Employers must meet AE duties amid contribution holiday speculation

James Phillips reports...

The government has said it will “do whatever it takes” to support businesses through the Covid-19 coronavirus crisis, leading to speculation that there could be a short-term change in auto-enrolment (AE) policy.

As businesses grapple with the economic shock caused by the global pandemic, the Treasury has already set out plans to provide additional financial support to some affected firms, including suspending business rates and introducing a loan guarantee scheme.

Now, there have been reports that the government was considering allowing businesses to suspend minimum employer contributions under AE to relieve pressure on payroll.

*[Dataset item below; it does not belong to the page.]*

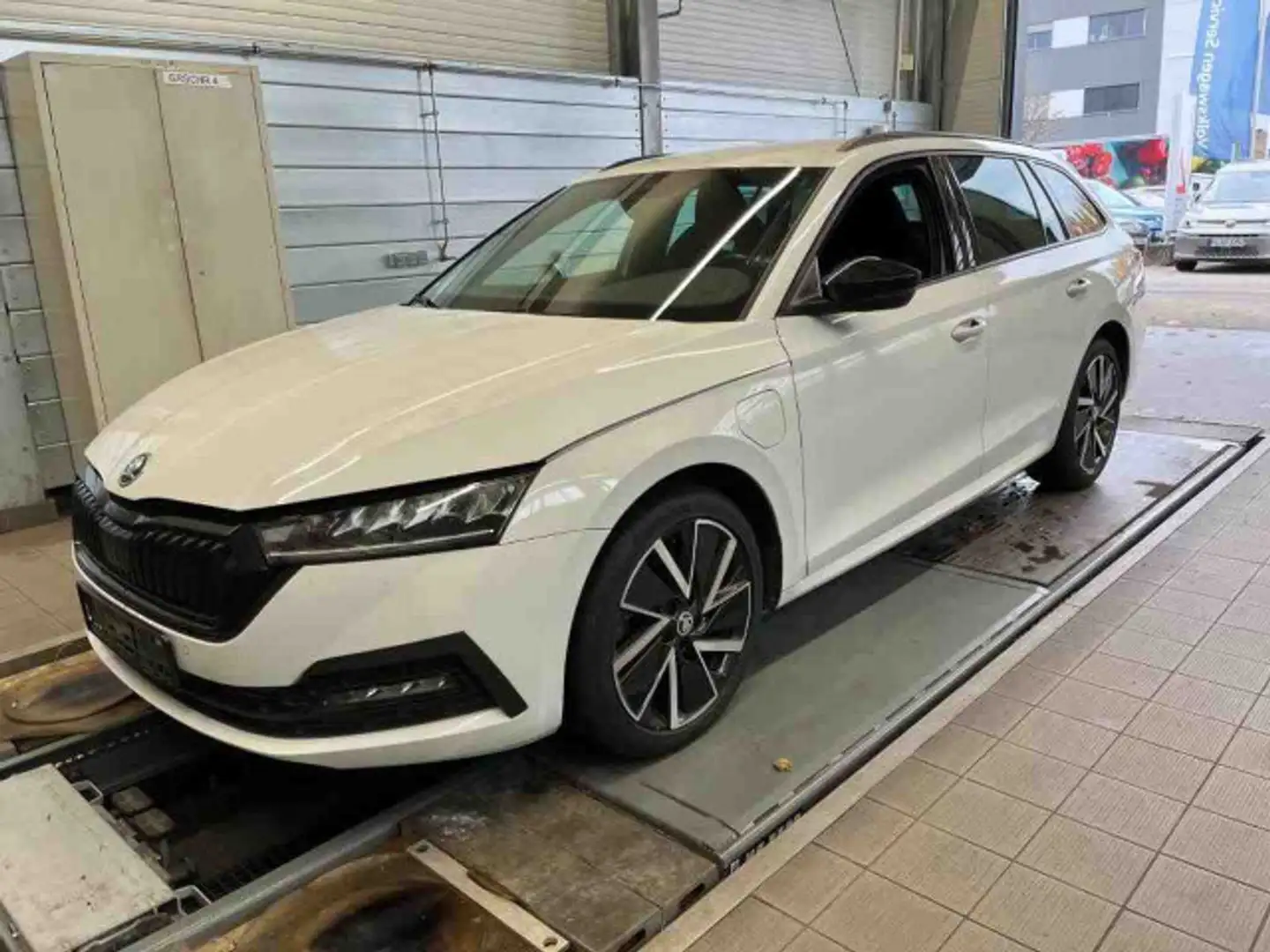 Skoda Octavia Combi 1.4 TSI iV STYLE LM8 SITZHZG PDC D Bianco - 2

In a statement to RP’s sister publication Professional Pensions, a cross-government spokesperson said: “The government will do whatever it takes to protect businesses and employers from the effects of coronavirus.

“We recognise the difficulties they face and will help support businesses of all sizes – so they can continue operating during these unprecedented times.”

Similarly, The Pensions Regulator (TPR) said it expected all firms to conform to their pension obligations.

“We expect employers to continue to meet their AE duties towards their staff,” a spokesperson said. “We are closely monitoring the situation in these challenging times and will act in line with government guidelines.

“The government has published information about support for employers, employees, and businesses affected by Covid-19.”

The government is expected to publish a bill this afternoon (19 March) setting out some of its initial responses to the crisis, including measures announced by the chancellor this week.

Another pensions measure that could support businesses include allowing a reduction or deferral in deficit recovery contributions to defined benefit schemes. However, there is currently no suggestion this is under active consideration.

Yesterday, Universities Superannuation Scheme reported itself to TPR after breaching a key funding measure for five consecutive days after market volatility led to a fall in its funding level.